EXERCISE DESCRIPTION. Extract precisely the lines that run from the line containing "Aston Martin Rapide Rapid 2014" to the end of the records below, with both ends included and pictures omitted.

[Items from a dataset]

>>>>

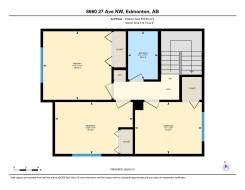 View of floor plan / room layout - 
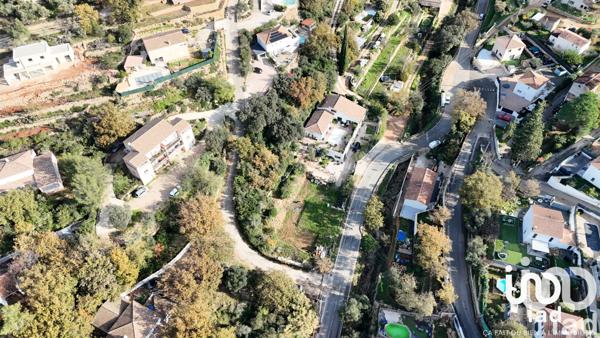 Terrain à vendre 1 400 m² Solliès-Toucas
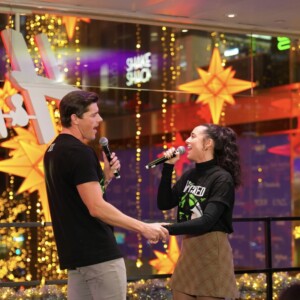 Broadway Under the Stars Will Return to the Shops at Columbus Circle This Holiday Sea Photo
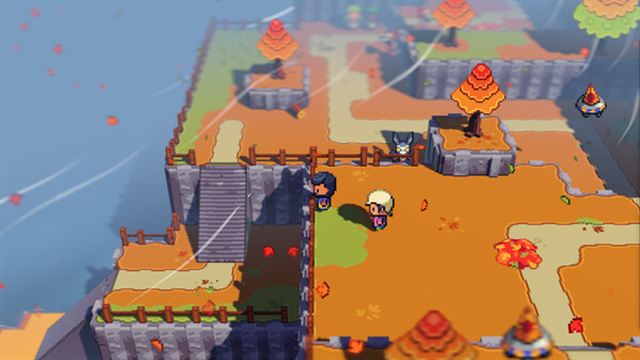 Tải game Cassette Beasts v1.8.2-P2P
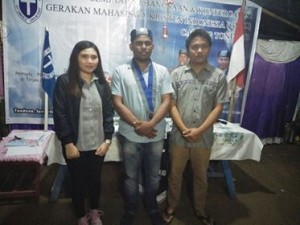 GMKI Tondano, GMKI Tondano Periode 2018-2020, Martsindy Rasuh, Vangvang Sumampouw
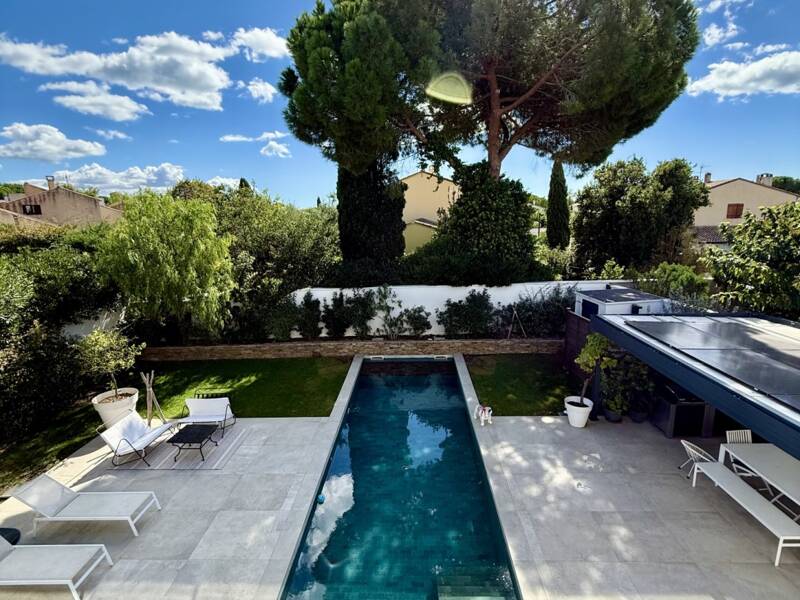 Maison à vendre, 218m², MONTPELLIER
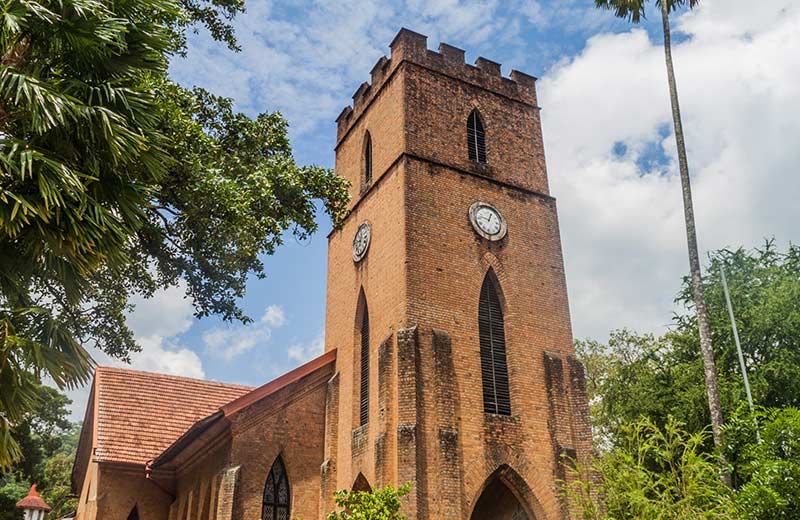 St. Paul’s Church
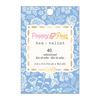 Poppy & Pear Notecard Pad - Bea Valint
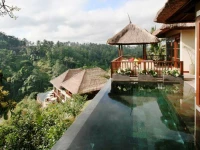 Ubud Hanging Gardens Hotel Bali 5*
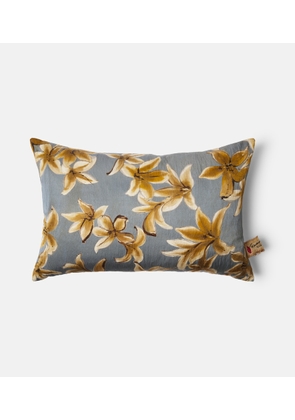 The House of Lyria Lucilla floral cushion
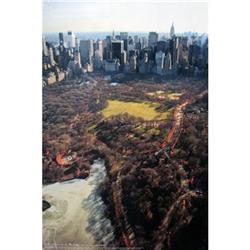 Javacheff Christo The Gates Project, Photo #25 #2270037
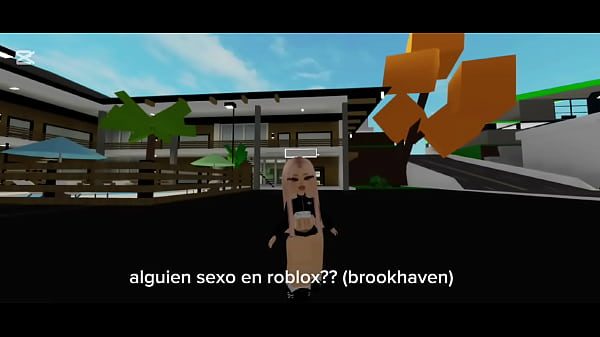 Quiero que me follen en brookhaven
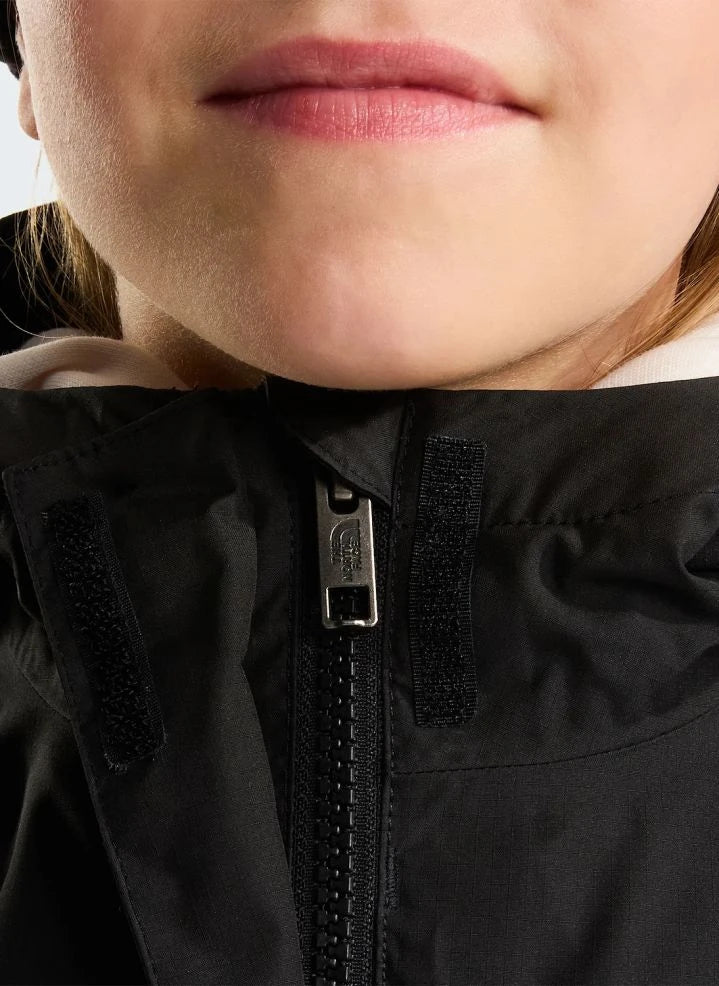 The North Face - معطف أنطورا للمطر | أسود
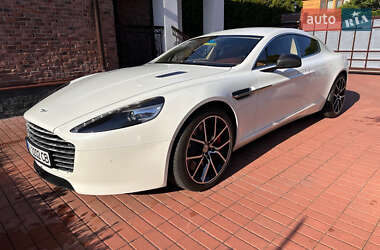 Aston Martin Rapide Rapid 2014
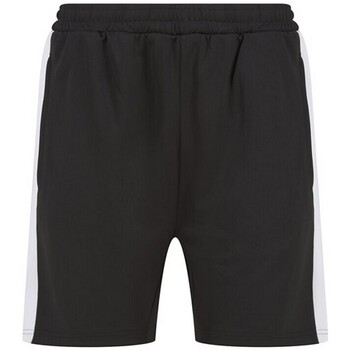 Abbigliamento Uomo Shorts / Bermuda Finden & Hales  Nero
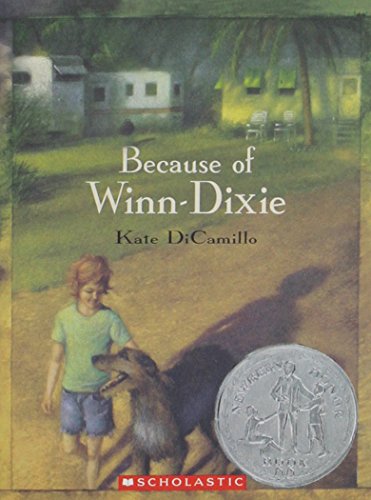 Because of Winn-Dixie - DiCamillo, Kate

<<<<

RESULT BELOW.
 Aston Martin Rapide Rapid 2014
 Abbigliamento Uomo Shorts / Bermuda Finden & Hales  Nero
 Because of Winn-Dixie - DiCamillo, Kate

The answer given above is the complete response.